## WORK REQUEST
In the records that follow, find the line with "중국 Amoxicillin Pharmaceutical"; from there, retype every line exactly through the line with "Jacky Jerry cute", which also belongs to the answer.

◆ ◆ ◆ ◆ ◆

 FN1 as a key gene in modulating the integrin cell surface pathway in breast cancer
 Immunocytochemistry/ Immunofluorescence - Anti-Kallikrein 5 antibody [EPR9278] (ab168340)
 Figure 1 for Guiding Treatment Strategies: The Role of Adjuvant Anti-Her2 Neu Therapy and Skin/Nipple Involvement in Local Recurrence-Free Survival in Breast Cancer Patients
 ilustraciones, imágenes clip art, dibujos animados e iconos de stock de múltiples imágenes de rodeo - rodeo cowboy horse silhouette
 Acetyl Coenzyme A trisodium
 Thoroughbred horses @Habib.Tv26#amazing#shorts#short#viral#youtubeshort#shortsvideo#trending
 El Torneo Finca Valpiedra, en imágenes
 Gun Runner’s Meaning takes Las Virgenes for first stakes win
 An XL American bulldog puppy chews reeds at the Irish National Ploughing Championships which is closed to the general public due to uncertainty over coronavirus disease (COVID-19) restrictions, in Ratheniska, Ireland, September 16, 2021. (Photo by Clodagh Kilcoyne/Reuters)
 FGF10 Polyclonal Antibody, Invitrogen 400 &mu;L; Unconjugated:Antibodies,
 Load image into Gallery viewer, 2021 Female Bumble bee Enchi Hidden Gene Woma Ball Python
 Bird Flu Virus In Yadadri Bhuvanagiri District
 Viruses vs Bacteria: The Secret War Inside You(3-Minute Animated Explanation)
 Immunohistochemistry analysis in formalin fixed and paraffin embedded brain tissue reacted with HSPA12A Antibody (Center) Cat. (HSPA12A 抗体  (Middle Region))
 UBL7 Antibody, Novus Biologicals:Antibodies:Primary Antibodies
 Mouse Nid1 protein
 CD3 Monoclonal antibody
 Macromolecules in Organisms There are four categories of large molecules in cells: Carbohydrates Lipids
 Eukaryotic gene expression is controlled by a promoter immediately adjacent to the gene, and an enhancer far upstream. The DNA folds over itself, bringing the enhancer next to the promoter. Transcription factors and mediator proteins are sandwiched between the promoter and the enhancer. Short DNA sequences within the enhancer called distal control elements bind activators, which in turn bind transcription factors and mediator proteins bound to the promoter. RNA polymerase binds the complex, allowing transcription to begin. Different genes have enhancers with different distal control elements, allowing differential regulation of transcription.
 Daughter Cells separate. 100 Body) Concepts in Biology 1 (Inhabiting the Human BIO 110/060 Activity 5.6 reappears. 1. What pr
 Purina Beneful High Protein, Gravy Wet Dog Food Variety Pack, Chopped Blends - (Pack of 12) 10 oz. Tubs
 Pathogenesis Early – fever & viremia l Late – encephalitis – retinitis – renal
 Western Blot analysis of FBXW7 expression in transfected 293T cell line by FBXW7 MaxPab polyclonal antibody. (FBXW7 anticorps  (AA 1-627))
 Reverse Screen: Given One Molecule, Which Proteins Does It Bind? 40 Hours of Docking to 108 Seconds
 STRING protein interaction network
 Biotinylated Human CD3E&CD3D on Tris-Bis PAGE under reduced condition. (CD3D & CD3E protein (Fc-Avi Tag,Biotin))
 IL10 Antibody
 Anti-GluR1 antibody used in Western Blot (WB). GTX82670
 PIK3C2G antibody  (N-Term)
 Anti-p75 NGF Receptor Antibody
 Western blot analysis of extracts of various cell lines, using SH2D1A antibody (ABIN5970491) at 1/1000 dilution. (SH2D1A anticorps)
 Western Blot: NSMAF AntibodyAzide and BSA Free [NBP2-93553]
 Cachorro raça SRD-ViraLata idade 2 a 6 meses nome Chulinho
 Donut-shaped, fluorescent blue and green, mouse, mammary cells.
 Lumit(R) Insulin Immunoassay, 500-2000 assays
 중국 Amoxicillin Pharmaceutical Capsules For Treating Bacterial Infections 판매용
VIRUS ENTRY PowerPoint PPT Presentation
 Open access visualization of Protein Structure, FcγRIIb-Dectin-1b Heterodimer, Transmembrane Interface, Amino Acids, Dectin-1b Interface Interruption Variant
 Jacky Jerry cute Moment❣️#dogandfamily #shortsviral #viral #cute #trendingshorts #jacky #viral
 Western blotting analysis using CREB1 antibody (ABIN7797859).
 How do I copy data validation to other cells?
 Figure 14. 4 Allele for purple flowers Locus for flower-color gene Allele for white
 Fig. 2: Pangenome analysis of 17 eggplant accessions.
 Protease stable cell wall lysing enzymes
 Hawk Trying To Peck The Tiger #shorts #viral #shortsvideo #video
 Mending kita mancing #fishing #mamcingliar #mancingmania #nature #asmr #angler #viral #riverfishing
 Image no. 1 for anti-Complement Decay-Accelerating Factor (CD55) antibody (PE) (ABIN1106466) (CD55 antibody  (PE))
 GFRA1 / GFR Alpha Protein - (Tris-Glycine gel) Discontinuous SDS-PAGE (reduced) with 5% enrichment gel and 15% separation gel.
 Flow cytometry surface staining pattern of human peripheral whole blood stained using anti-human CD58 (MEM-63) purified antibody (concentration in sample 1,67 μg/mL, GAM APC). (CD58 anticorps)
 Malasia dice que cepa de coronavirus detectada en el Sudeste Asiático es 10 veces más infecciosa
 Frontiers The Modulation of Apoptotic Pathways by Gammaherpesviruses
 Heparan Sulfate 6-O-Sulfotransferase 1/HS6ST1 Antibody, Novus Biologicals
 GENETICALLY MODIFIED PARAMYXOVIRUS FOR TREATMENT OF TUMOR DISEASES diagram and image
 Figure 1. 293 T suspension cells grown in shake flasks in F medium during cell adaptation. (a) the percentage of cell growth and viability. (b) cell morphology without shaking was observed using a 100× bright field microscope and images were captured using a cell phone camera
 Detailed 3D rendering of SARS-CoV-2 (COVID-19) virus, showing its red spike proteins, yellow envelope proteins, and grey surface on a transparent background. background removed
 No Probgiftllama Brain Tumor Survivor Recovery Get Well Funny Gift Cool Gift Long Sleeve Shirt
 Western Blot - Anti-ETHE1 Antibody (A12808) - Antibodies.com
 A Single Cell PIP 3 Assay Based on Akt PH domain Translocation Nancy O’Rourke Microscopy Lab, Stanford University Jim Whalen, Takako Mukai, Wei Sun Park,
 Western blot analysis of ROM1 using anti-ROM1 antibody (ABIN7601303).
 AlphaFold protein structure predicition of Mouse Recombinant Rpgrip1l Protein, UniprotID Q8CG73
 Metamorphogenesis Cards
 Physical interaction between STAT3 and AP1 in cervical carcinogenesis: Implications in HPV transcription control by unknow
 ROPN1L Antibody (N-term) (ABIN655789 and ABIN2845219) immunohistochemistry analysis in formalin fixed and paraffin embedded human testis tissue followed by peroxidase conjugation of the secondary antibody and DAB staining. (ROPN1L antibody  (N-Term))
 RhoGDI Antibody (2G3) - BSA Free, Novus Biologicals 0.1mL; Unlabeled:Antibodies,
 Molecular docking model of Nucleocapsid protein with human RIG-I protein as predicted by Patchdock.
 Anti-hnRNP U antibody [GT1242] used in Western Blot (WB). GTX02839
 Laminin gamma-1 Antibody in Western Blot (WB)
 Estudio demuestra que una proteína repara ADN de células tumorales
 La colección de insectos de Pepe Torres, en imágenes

◆ ◆ ◆ ◆ ◆

## RESPONSE TO THIS EXERCISE
 중국 Amoxicillin Pharmaceutical Capsules For Treating Bacterial Infections 판매용
VIRUS ENTRY PowerPoint PPT Presentation
 Open access visualization of Protein Structure, FcγRIIb-Dectin-1b Heterodimer, Transmembrane Interface, Amino Acids, Dectin-1b Interface Interruption Variant
 Jacky Jerry cute Moment❣️#dogandfamily #shortsviral #viral #cute #trendingshorts #jacky #viral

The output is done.